Without changing a single word, output each entry.

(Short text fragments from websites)
------------------------------------
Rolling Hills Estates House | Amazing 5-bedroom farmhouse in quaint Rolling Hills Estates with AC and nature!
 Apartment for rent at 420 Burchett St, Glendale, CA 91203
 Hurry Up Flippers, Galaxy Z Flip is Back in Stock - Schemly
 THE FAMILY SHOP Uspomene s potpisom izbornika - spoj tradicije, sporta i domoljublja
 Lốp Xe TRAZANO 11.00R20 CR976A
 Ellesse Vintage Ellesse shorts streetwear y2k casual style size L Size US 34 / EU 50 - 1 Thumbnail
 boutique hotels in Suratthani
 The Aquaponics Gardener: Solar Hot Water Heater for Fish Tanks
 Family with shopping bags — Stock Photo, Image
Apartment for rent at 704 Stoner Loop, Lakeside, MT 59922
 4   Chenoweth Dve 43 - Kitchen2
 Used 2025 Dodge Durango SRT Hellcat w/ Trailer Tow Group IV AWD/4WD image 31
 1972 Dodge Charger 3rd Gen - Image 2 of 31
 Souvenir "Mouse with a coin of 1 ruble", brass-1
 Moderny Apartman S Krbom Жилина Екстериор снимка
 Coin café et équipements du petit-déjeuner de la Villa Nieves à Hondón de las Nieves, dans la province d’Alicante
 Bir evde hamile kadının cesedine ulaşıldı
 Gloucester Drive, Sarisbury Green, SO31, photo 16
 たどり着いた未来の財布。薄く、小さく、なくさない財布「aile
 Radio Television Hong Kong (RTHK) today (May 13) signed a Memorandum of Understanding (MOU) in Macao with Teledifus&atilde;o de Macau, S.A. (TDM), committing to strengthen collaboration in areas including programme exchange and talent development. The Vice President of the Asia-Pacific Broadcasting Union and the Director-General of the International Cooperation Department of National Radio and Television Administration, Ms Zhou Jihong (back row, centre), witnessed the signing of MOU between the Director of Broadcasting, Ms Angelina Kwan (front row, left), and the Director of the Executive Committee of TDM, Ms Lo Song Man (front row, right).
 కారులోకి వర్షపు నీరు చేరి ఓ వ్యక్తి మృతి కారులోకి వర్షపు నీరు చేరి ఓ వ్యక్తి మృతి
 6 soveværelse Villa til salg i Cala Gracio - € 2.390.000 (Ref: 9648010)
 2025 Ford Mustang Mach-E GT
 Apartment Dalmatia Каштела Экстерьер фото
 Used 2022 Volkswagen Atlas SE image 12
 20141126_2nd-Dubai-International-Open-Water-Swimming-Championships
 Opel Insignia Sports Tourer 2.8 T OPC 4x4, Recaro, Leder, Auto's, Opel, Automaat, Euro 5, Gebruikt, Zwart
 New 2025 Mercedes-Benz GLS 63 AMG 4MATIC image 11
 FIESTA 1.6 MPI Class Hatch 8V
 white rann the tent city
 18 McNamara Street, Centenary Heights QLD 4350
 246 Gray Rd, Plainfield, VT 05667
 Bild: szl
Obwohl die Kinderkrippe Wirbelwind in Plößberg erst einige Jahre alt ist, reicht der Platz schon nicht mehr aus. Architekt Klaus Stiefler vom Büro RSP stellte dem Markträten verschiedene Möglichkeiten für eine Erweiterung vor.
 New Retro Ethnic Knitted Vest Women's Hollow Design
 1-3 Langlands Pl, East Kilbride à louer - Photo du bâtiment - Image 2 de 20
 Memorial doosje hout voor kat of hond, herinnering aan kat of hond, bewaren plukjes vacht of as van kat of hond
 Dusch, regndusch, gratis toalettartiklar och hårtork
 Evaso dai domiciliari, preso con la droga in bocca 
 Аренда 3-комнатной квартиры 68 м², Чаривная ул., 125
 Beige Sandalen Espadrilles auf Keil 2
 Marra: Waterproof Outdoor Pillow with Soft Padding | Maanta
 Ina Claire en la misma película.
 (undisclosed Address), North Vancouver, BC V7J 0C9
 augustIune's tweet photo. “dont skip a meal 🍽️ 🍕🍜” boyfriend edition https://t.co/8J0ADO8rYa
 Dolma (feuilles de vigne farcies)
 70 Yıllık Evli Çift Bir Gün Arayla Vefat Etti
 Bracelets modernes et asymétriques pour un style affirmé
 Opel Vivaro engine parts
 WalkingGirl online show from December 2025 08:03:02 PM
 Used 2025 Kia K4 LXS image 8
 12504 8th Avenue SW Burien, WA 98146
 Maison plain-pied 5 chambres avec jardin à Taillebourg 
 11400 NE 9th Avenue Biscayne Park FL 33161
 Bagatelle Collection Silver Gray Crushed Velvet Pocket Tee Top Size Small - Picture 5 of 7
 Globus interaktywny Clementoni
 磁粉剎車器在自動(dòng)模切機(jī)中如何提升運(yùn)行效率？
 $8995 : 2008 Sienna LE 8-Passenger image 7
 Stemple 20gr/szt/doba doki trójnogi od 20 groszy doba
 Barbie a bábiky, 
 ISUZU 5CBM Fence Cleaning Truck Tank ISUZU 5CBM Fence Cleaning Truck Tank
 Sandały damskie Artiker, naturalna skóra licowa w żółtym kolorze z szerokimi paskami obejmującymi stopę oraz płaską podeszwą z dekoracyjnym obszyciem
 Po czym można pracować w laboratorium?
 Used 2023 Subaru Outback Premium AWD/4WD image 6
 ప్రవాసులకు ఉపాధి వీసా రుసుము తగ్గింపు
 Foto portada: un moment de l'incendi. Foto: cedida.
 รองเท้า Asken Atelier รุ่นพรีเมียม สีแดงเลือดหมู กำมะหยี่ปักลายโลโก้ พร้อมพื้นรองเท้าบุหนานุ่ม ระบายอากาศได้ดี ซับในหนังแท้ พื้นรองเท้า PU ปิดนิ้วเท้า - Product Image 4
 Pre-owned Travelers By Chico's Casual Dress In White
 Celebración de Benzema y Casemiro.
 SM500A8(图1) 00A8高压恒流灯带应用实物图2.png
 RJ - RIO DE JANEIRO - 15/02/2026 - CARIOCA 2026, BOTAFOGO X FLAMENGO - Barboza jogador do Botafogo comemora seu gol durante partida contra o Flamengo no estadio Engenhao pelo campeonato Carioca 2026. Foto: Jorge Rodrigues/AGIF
------------------------------------
TASK ANSWER:
Rolling Hills Estates House | Amazing 5-bedroom farmhouse in quaint Rolling Hills Estates with AC and nature!
 Apartment for rent at 420 Burchett St, Glendale, CA 91203
 Hurry Up Flippers, Galaxy Z Flip is Back in Stock - Schemly
 THE FAMILY SHOP Uspomene s potpisom izbornika - spoj tradicije, sporta i domoljublja
 Lốp Xe TRAZANO 11.00R20 CR976A
 Ellesse Vintage Ellesse shorts streetwear y2k casual style size L Size US 34 / EU 50 - 1 Thumbnail
 boutique hotels in Suratthani
 The Aquaponics Gardener: Solar Hot Water Heater for Fish Tanks
 Family with shopping bags — Stock Photo, Image
Apartment for rent at 704 Stoner Loop, Lakeside, MT 59922
 4   Chenoweth Dve 43 - Kitchen2
 Used 2025 Dodge Durango SRT Hellcat w/ Trailer Tow Group IV AWD/4WD image 31
 1972 Dodge Charger 3rd Gen - Image 2 of 31
 Souvenir "Mouse with a coin of 1 ruble", brass-1
 Moderny Apartman S Krbom Жилина Екстериор снимка
 Coin café et équipements du petit-déjeuner de la Villa Nieves à Hondón de las Nieves, dans la province d’Alicante
 Bir evde hamile kadının cesedine ulaşıldı
 Gloucester Drive, Sarisbury Green, SO31, photo 16
 たどり着いた未来の財布。薄く、小さく、なくさない財布「aile
 Radio Television Hong Kong (RTHK) today (May 13) signed a Memorandum of Understanding (MOU) in Macao with Teledifus&atilde;o de Macau, S.A. (TDM), committing to strengthen collaboration in areas including programme exchange and talent development. The Vice President of the Asia-Pacific Broadcasting Union and the Director-General of the International Cooperation Department of National Radio and Television Administration, Ms Zhou Jihong (back row, centre), witnessed the signing of MOU between the Director of Broadcasting, Ms Angelina Kwan (front row, left), and the Director of the Executive Committee of TDM, Ms Lo Song Man (front row, right).
 కారులోకి వర్షపు నీరు చేరి ఓ వ్యక్తి మృతి కారులోకి వర్షపు నీరు చేరి ఓ వ్యక్తి మృతి
 6 soveværelse Villa til salg i Cala Gracio - € 2.390.000 (Ref: 9648010)
 2025 Ford Mustang Mach-E GT
 Apartment Dalmatia Каштела Экстерьер фото
 Used 2022 Volkswagen Atlas SE image 12
 20141126_2nd-Dubai-International-Open-Water-Swimming-Championships
 Opel Insignia Sports Tourer 2.8 T OPC 4x4, Recaro, Leder, Auto's, Opel, Automaat, Euro 5, Gebruikt, Zwart
 New 2025 Mercedes-Benz GLS 63 AMG 4MATIC image 11
 FIESTA 1.6 MPI Class Hatch 8V
 white rann the tent city
 18 McNamara Street, Centenary Heights QLD 4350
 246 Gray Rd, Plainfield, VT 05667
 Bild: szl
Obwohl die Kinderkrippe Wirbelwind in Plößberg erst einige Jahre alt ist, reicht der Platz schon nicht mehr aus. Architekt Klaus Stiefler vom Büro RSP stellte dem Markträten verschiedene Möglichkeiten für eine Erweiterung vor.
 New Retro Ethnic Knitted Vest Women's Hollow Design
 1-3 Langlands Pl, East Kilbride à louer - Photo du bâtiment - Image 2 de 20
 Memorial doosje hout voor kat of hond, herinnering aan kat of hond, bewaren plukjes vacht of as van kat of hond
 Dusch, regndusch, gratis toalettartiklar och hårtork
 Evaso dai domiciliari, preso con la droga in bocca 
 Аренда 3-комнатной квартиры 68 м², Чаривная ул., 125
 Beige Sandalen Espadrilles auf Keil 2
 Marra: Waterproof Outdoor Pillow with Soft Padding | Maanta
 Ina Claire en la misma película.
 (undisclosed Address), North Vancouver, BC V7J 0C9
 augustIune's tweet photo. “dont skip a meal 🍽️ 🍕🍜” boyfriend edition https://t.co/8J0ADO8rYa
 Dolma (feuilles de vigne farcies)
 70 Yıllık Evli Çift Bir Gün Arayla Vefat Etti
 Bracelets modernes et asymétriques pour un style affirmé
 Opel Vivaro engine parts
 WalkingGirl online show from December 2025 08:03:02 PM
 Used 2025 Kia K4 LXS image 8
 12504 8th Avenue SW Burien, WA 98146
 Maison plain-pied 5 chambres avec jardin à Taillebourg 
 11400 NE 9th Avenue Biscayne Park FL 33161
 Bagatelle Collection Silver Gray Crushed Velvet Pocket Tee Top Size Small - Picture 5 of 7
 Globus interaktywny Clementoni
 磁粉剎車器在自動(dòng)模切機(jī)中如何提升運(yùn)行效率？
 $8995 : 2008 Sienna LE 8-Passenger image 7
 Stemple 20gr/szt/doba doki trójnogi od 20 groszy doba
 Barbie a bábiky, 
 ISUZU 5CBM Fence Cleaning Truck Tank ISUZU 5CBM Fence Cleaning Truck Tank
 Sandały damskie Artiker, naturalna skóra licowa w żółtym kolorze z szerokimi paskami obejmującymi stopę oraz płaską podeszwą z dekoracyjnym obszyciem
 Po czym można pracować w laboratorium?
 Used 2023 Subaru Outback Premium AWD/4WD image 6
 ప్రవాసులకు ఉపాధి వీసా రుసుము తగ్గింపు
 Foto portada: un moment de l'incendi. Foto: cedida.
 รองเท้า Asken Atelier รุ่นพรีเมียม สีแดงเลือดหมู กำมะหยี่ปักลายโลโก้ พร้อมพื้นรองเท้าบุหนานุ่ม ระบายอากาศได้ดี ซับในหนังแท้ พื้นรองเท้า PU ปิดนิ้วเท้า - Product Image 4
 Pre-owned Travelers By Chico's Casual Dress In White
 Celebración de Benzema y Casemiro.
 SM500A8(图1) 00A8高压恒流灯带应用实物图2.png
 RJ - RIO DE JANEIRO - 15/02/2026 - CARIOCA 2026, BOTAFOGO X FLAMENGO - Barboza jogador do Botafogo comemora seu gol durante partida contra o Flamengo no estadio Engenhao pelo campeonato Carioca 2026. Foto: Jorge Rodrigues/AGIF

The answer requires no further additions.